Construction and cell transfection of PGMLV-PE3-TRIM44 vector
Human TRIM44 expression vector PGMLV-PE3-TRIM44 or empty vector was obtained from Zhongqiao Xinzhou Biotechnology Co. For in vitro transfection, SKOV3 human OC cells (3 × 105 cells/well) were transfected with TRIM44 or empty vector using Lipofectamine 2000 (Invitrogen, Victoria, Australia) according to the manufacturer's protocol. The shRNA sequences used were TRIM44: 5'-CCGGGGCTTGATTTGAGTACCTATTCTCGAGAATAGGTACTCAAATCAAGCCTTTTTG-3' and shCon:5'- AATTCAAAAAGGCTTGATTTGAGTACCTATTCTCGAGAATAGGTACTCAAATCAAGCCAGCC-3'. To establish stable cell lines, 2 μg/mL puromycin was used for one week after transfection. RT-qPCR and Western blotting determined overexpression efficiency.

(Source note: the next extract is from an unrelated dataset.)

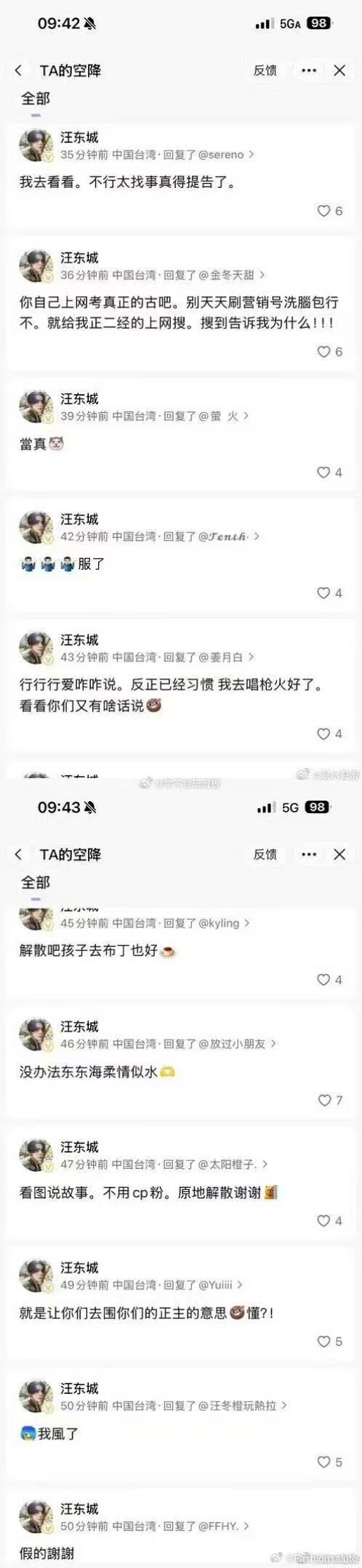 汪东城发文怒怼cp粉汪东城怒怼cp粉汪东城正面开撕越界CP粉，圈地自萌，请勿贴脸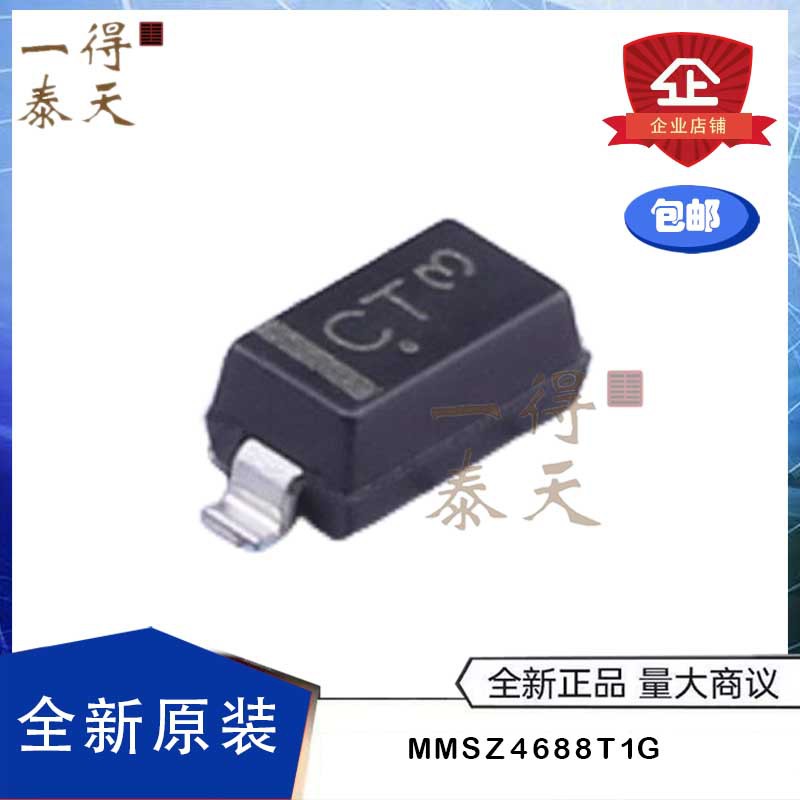 MMSZ4688T1G MMSZ4688 丝印CT SOD-123 稳压二极管 全新原装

Cell counting Kit 8 (CCK-8) assay
The CCK-8 (Tong Ren, Japan, CK04) assay was applied to detect the change in cell proliferation ability. Cells at the logarithmic growth stage were collected and inoculated in 96-well culture plates with appropriate concentrations, cells were grouped, and 200ul of complete medium was added to each well and continued to be cultured for 24 h and 48 h. After the cells had completely adhered to the wall, 10ul of CCK-8 reagent was added to each well and incubated for 4 h. Then the absorbance value at 450 nm was detected by an enzyme marker. The different cells in the two groups were calculated according to the following formula Survival rate = [(As-Ab) / (Ac-Ab)] × 100%.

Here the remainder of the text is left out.